= Roger Bolingbroke =

Astrologer and alleged necromancer, executed as witch

Roger Bolingbroke (died 18 November 1441) was a 15th-century English cleric, astronomer, astrologer, magister and alleged necromancer. He flourished in the first half of the 15th century. He was tried, convicted and executed for treasonable witchcraft on the person of Henry VI of England.

==Conspiracy==

Bolingbroke was a person of great intelligence and learning. He was part of the household of Humphrey of Lancaster, 1st Duke of Gloucester, and was the personal clerk to Eleanor Cobham, the Duke's wife.

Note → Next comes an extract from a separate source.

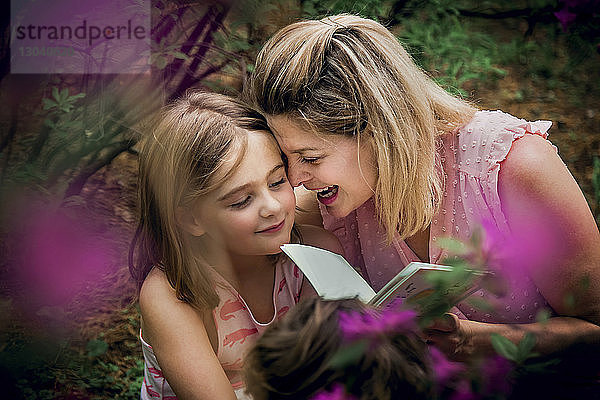 Hochwinkelansicht einer glücklichen Mutter und Tochter beim Lesen eines Buches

He was the best known of the three scholars implicated in the "conspiracy" to bring about the death of King Henry. He was described as a ‘gret and konnyng man in astronomye’ and ‘renowned in all the world’,

In October 1440 he and Thomas Southwell produced a horoscope for Eleanor Cobham which predicted the death of King Henry, an event, which, if it were to have happened, would have meant the Duke of Gloucester would have become King and Eleanor his Queen.

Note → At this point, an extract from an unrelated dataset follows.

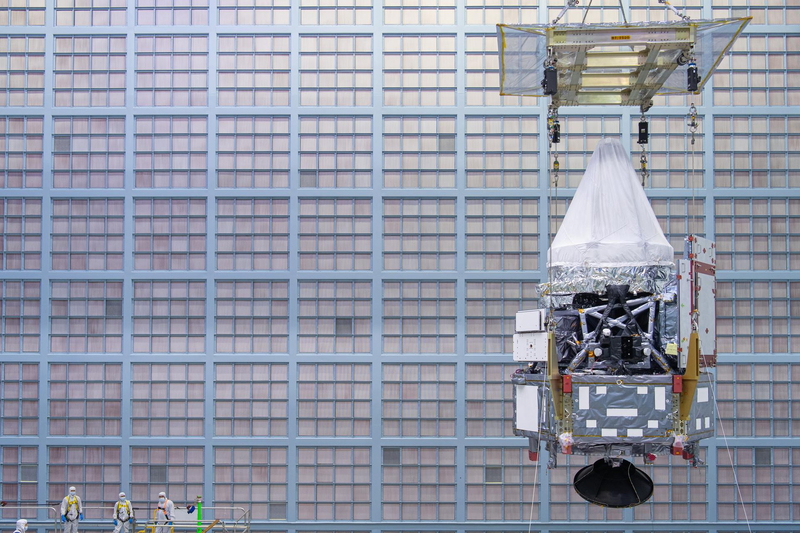 The Roman Space Telescope's Integrated Payload Assembly, crane-lifted in the cleanroom at Goddard Space Flight Center. NASA/Chris Gunn, GSFC_20250612_RST_034435.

When the King heard of this prediction, The King’s Council charged Bolingbroke and Southwell, and another - John Home (or Hume), with conspiring to kill the King with necromancy.

In addition to these scholars, a woman known as Margery Jourdemayne was also implicated. Jourdemayne was known as "The Witch of Eye" and was engaged in the conspiracy to provide spells and potions. She and Bolingbroke were the only two to be executed for their parts in the affair.

==Charges==

On 23 July 1441 Bolingbroke was brought before the Church authorities, and at St. Paul's Cross, London, he made a very public confession that his actions were not compatible with Christianity and he foreswore his diabolic activities.

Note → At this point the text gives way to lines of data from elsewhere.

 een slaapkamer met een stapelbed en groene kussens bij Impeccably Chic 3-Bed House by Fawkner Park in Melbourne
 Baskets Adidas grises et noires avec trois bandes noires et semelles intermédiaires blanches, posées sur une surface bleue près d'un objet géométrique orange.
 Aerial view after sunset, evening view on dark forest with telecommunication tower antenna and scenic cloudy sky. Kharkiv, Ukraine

Around this time Bolingbroke also appeared before the Kings Council and was accused of treason as well as sorcery. At this point he accused his mistress, Eleanor Cobham, as having directed his actions.

On 18 November of that year, Bolingbroke was brought from the Tower to the London Guildhall. The King's Commissioners found him guilty of various treasonable crimes. He was duly dragged on a hurdle that same day to Tyburn, where he was hanged, drawn and quartered. His head was displayed on London Bridge and his quartered body was distributed around the country.

==In literature==

Bolingbroke appears in William Shakespeare's Henry VI, Part 2 as a conjurer.

In Clive Barker's 1986 novella The Hellbound Heart, Frank Cotton mentions having read Bolingbroke's (fictional) diaries, wherein he found hints of the existence of the Cenobites.